Since there is an ambiguity in the meaning of "trailer" we turn our attention to interpreting the term "trailer" as employed in the insurance policy in question. In the absence of a specific definition in an insurance policy, the words used by the insurer must be interpreted in accordance with their ordinary, plain and usual meaning. Jorgenson v. Metropolitan Life Ins. Co., 136 N.J.L. 148, 152 (N.J.Sup.Ct. 1947); Lansco, Inc. v. Dept. of Environmental Protection, 138 N.J. Super. 275, 281-282 (Ch.Div. 1975), certif. den. 73 N.J. 57 (1977). See also Cooper v. Government Employees Ins. Co., 51 N.J. 86, 93; Mondelli v. State Farm Mut. Auto. Ins. Co., 193 N.J. Super. 522, 525 (App.Div. 1984).

While this issue has not been dealt with in a reported decision in New Jersey, other jurisdictions faced with the problem have referred to dictionary definitions in determining the plain, ordinary and commonly understood meaning of the term "trailer" in an insurance policy. See Safeguard Insurance Co. v. Justice, 203 Va. 972, 128 S.E.2d 286 (Sup.Ct. 1962); Jones v. *715 Beiber, 251 Iowa 969, 103 N.W.2d 364 (Sup.Ct. 1960). "Trailer" is defined as "a vehicle or one in a succession of vehicles hauled usually by some other vehicle: as a nonautomotive highway or industrial-plant vehicle designed to be hauled ..." Webster's Third New International Dictionary (unabridged 1971). Other jurisdictions when determining the common usage of the term "trailer" have used their motor vehicle codes for guidance. See Corsi Bros. v. Daly, 242 N.Y.S.2d 865, 39 Misc.2d 1076 (1963) aff'd 21 A.D.2d 853, 252 N.Y.S.2d 253 (1964); Safeguard Insurance Co. v.

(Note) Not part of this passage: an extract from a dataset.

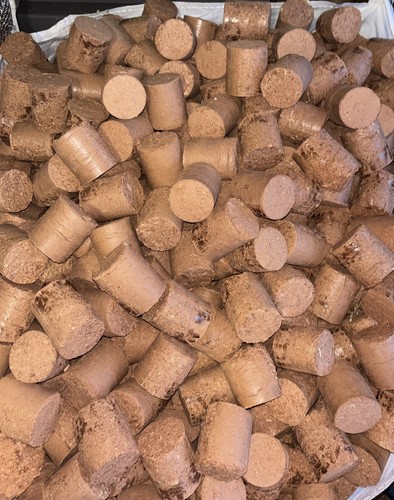 High energy sawdust heat - energy, log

Justice, 203 Va. 972, 128 S.E.2d 286 (Sup.Ct. 1962).

Our Motor Vehicle and Traffic Code, N.J.S.A. 39:1-1 defines: "Trailer" as a "vehicle with or without motive power, other than a pole trailer, designed for carrying persons or property and for being drawn by a motor vehicle and so constructed that no part of its weight rests upon the towing vehicle." "Semitrailer" is defined as a "vehicle with or without motive power, other than a pole trailer, designed for carrying persons or property and for being drawn by a motor vehicle and so constructed that some part of its weight and that of its load rests upon or is carried by another vehicle." N.J.S.A. 39:1-1. The fact a "trailer" has none of its weight resting upon the vehicle pulling it while a "semitrailer" has part of its weight on the other vehicle is not significant when it is the plain ordinary meaning of "trailer" which is the focus of our inquiry.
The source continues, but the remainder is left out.